Session
WE.3.D || Life Cycle Management in Education and Culture

Authors
Koch, Christian; Fogh Friedrich, Mathilde; Kjøniksen, Anna-Lena; Tellnes, Lars G. F.

Abstract
Lifecycle assessment (LCA) is becoming prescribed in more and more contexts, creating a push toward educating and training broader groups of industry professionals and other stakeholders to understand and carry out LCA. As LCA become increasingly widely used, the question raises whether its early day basis in expert evaluation is feasible in the future. The much broader need for applying LCA will at least put pressure on the existing experts, such as environmental consultants. One example of the dilemma relates to simplification of LCA. While simplication is widespread, it is not broadly accepted that anyone can simplify LCA and still generate trustworthy result. Hence the present adoption of LCA involves a prevailing implicit inclination towards expert evaluation. Which again implies a democratic deficit of some sort. The presentation sets out to evaluate this trend. Which aspects would create democratisation of LCA and which would tend to preserve expert domination. As theoretical framework is pulled together, consisting element of LCA and sociology of codetermination. LCA concepts are used to understand state of the art of LCA approaches and praxises.
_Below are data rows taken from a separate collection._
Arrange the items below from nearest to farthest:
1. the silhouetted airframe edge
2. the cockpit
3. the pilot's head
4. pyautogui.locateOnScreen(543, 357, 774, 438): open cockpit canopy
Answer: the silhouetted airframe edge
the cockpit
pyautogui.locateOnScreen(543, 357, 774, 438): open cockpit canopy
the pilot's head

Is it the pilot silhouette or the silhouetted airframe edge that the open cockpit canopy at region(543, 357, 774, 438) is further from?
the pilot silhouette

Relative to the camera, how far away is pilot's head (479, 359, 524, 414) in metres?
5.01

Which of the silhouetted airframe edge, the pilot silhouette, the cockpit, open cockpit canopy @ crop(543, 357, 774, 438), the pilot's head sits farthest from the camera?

Sociology of codetermination is helpful in understanding the degree of influence various stakeholder have on LCA calculation The presentation give illustrative case studies of carrying out LCA and analysis which element leans towards more democratic approaches and which not. The cases is selected from expert consultancies experiences making LCA analysis in various companies in Norway. This material is revisited with a codetermination lens and examples of more or less egalitarian LCA evaluation processes are analysed. Case specific simplication clearly occur in the case studies, but the validity of these remain unclear and incompletely investigated. Rather LCA credibility is substituted with expert credibility and trustworthiness. A phenomena that tend to hinder a democratization of LCA.